Work task: In the copy, keep the lines from the first line of the material below through the line containing "NEW iPlay iLearn" exactly as they are, and include no pictures.

★ ★ ★ ★ ★ ★ ★

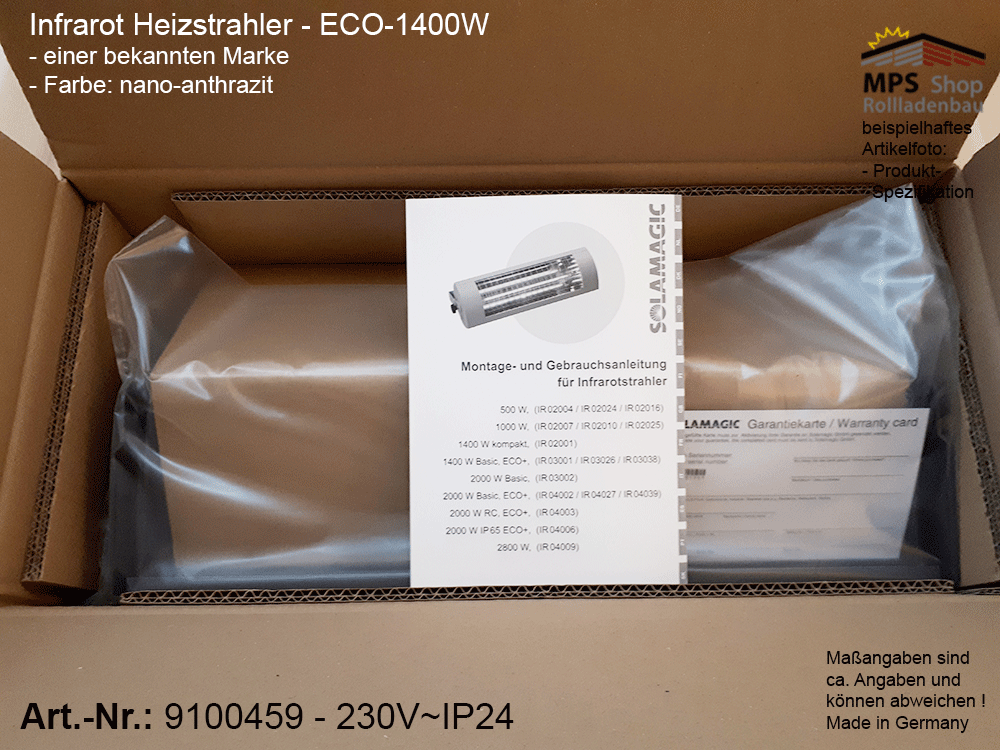 9100459, Infrarot-Heizstrahler (Inventur-Verkauf) bitte Artikelbeschreibung lesen !!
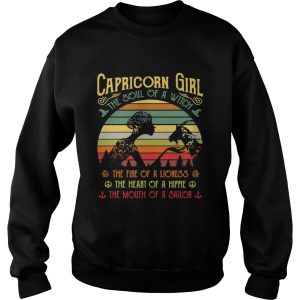 Capricorn girl the soul of a witch the fire of the lioness the heart of a hippie shirt 3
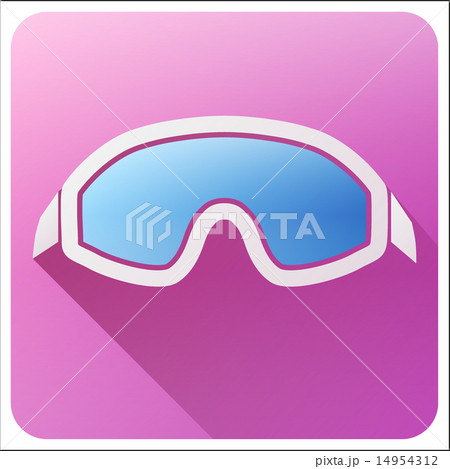 Flat icon with Classic snowboard ski goggles. Flat icon with Classic snowboard ski goggles. 14954312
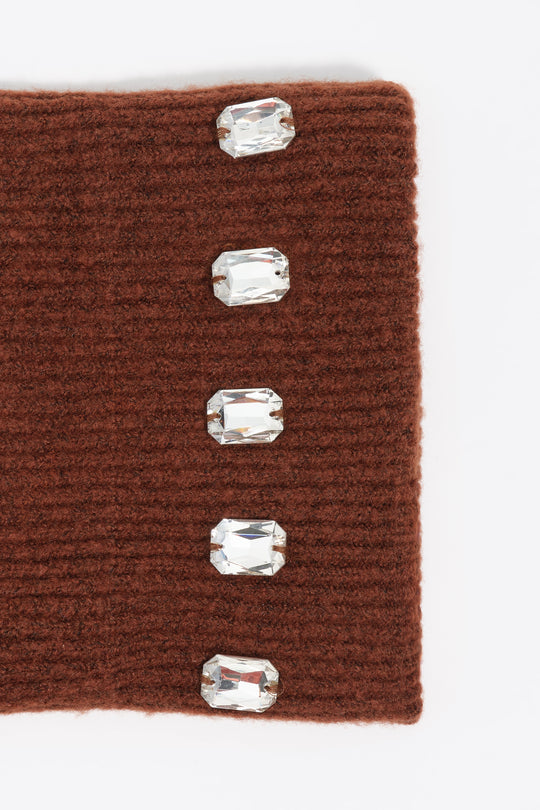 Brown knit crystals headband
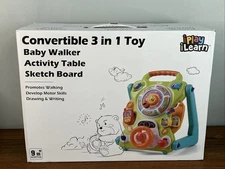 NEW iPlay iLearn Covertible 3 In 1 Toy Baby Walker Activity Table Sketch Board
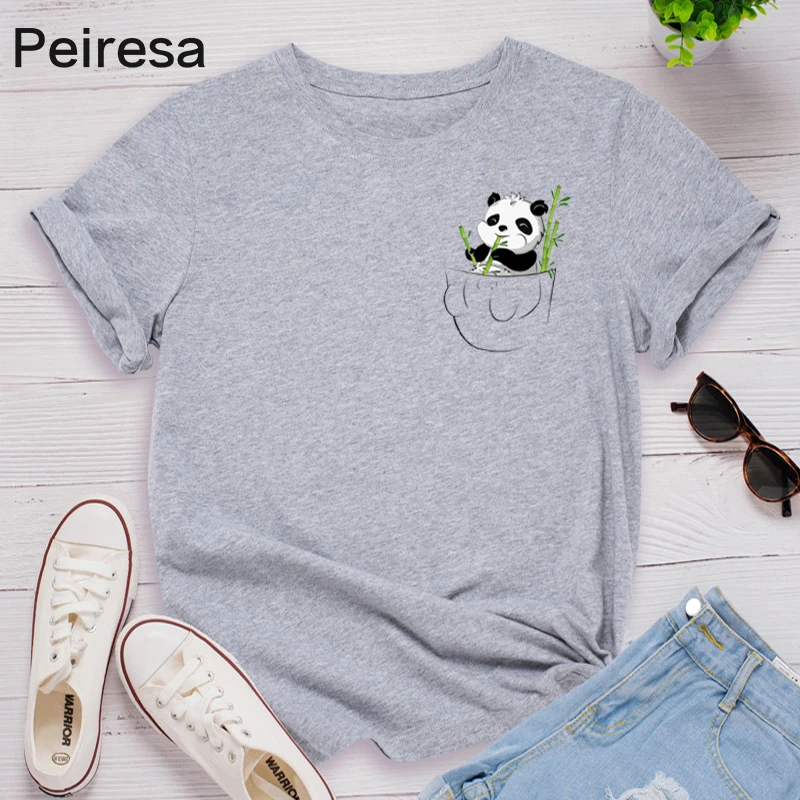 

Women Graphic Panda Pockets Print Summer Cotton Shirt Casual Fashion Short Sleeve Female Clothes Tops Tees Tshirt T-Shirt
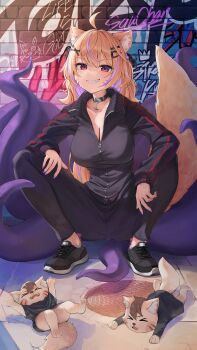 Rule 34 | 1girl, absurdres, ahoge, animal ear fluff, animal ears, black choker, black track suit, blonde hair, breasts, cat ears, cat girl, cat tail, choker, colored inner hair, commentary, english commentary, facial mark, graffiti, hair ornament, highres, indie virtual youtuber, jacket, kamo ashi, long hair, looking at viewer, medium breasts, multicolored hair, pants, pokatto (squchan), purple hair, red eyes, second-party source, shyrei faolan, smile, squatting, streaked hair, tail, tentacles, track jacket, track pants, track suit, two-tone hair, virtual youtuber, whisker markings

★ ★ ★ ★ ★ ★ ★

Answer space:
 9100459, Infrarot-Heizstrahler (Inventur-Verkauf) bitte Artikelbeschreibung lesen !!
 Capricorn girl the soul of a witch the fire of the lioness the heart of a hippie shirt 3
 Flat icon with Classic snowboard ski goggles. Flat icon with Classic snowboard ski goggles. 14954312
 Brown knit crystals headband
 NEW iPlay iLearn Covertible 3 In 1 Toy Baby Walker Activity Table Sketch Board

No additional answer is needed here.